Grow Happiness Like Charlie Munger

Nov 13 2015

As you may have realized by now, I have a penchant for reading commencement speeches. In staying true to this theme in my life, I was recently reading a commencement speech given by Charlie Munger, Warren Buffet’s longtime business partner, to the 1986 graduating class of Harvard University. Charlie was riffing on a previous speech that Johnny Carson had given to a graduating class at Harvard. The gist of Johnny’s speech was that although he may not be able to tell the graduates how to live a happy life, he could give them advice on three things to do if they wanted to live a miserable life. They included the following:

  1. Ingesting chemicals in an effort to alter mood or perception; 
  2. Envy; and
  3. Resentment

Charlie’s speech was his prescription to how to live a miserable life and he added a few interesting anecdotes to what Carson had suggested. In reading through the speech I found myself stuck on one paragraph that I would like to share.
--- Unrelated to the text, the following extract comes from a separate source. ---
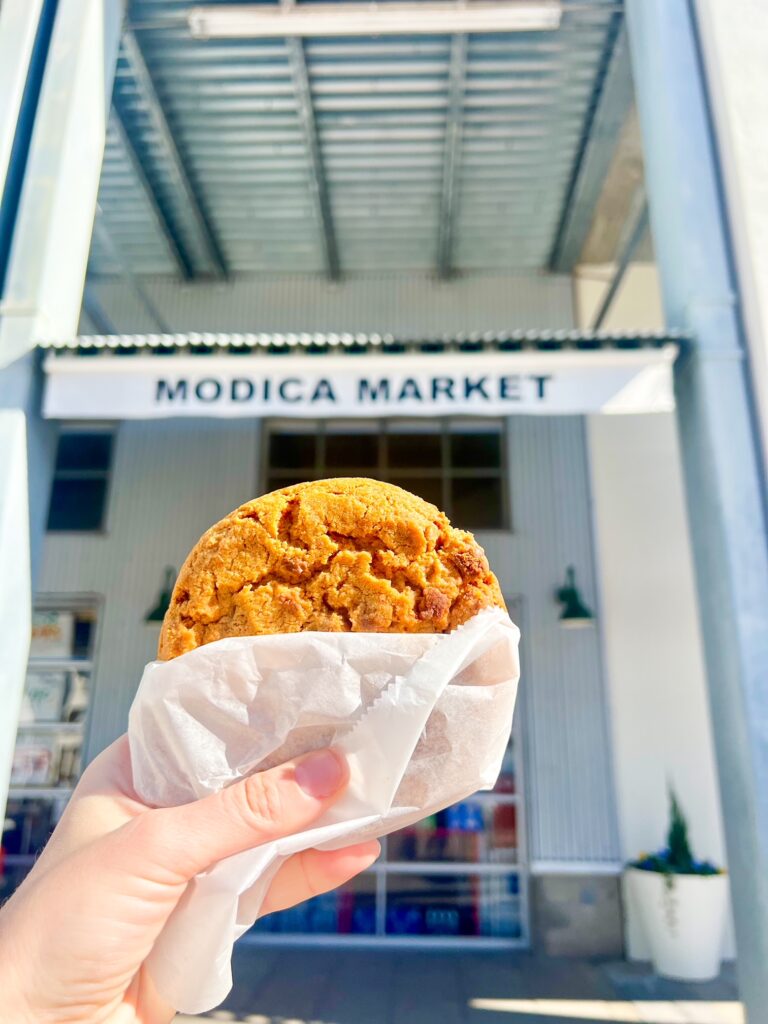 a girl with her hand holding a cookie in front of Modica Market once of the must eat at places in 30A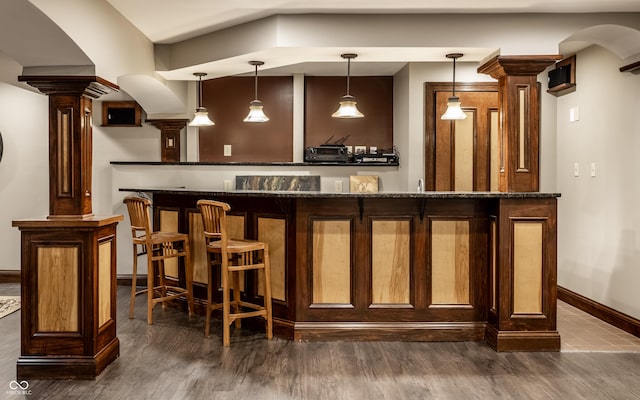 7743 Camelback Dr, Indianapolis, IN 46250 - community bar area featuring decorative columns, dark wood-style flooring, and hanging light fixtures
Charlie wrote:

“My third prescription for misery is to go down and stay down when you get your first, second, third severe reverse in the  battle of life. Because there is so much adversity out there, even for the lucky and wise, this will guarantee that, in due course, you will be permanently mired in misery. Ignore at all cost the lesson contained in the accurate epitaph written for himself by Epicetus: “Here lies Epicetus, a slave, maimed in body, the ultimate in poverty, and favoured by Gods.”

I have found that in business and in life it is easy to feel great about things when things are going well. We see this when people fall in love and are in the honeymoon stage of their relationship. We see this when people start a new project or new job and are excited at the prospects of the experience. As a society, we glamorize this when we hear about the business that is on top of the world and can do no wrong. Or when a team is the front runner and their “new fans” come out of nowhere. Or when people flock to live in a city or town because of an oil boom or tech bubble. But this is not reality and this inevitably will not lead us to living a life of happiness as these wins will not all last.

At some point we will deal with a loss or a struggle in many aspects of our life. If you have been in the mortgage industry for more than seven years, you did not stay here because you stayed down when the market imploded. You fought like hell to stay in this business and be successful. The Money Source did not magically become one of the largest lenders in the United States overnight without adversity. It happened because Stavros went against the grain in 2007, 2008, 2009, 2010, and 2011. He looked at hundreds of opportunities and tested hundreds of business ideas until a couple stuck (Correspondent lending, starting Endeavor America, bringing servicing in-house, etc.)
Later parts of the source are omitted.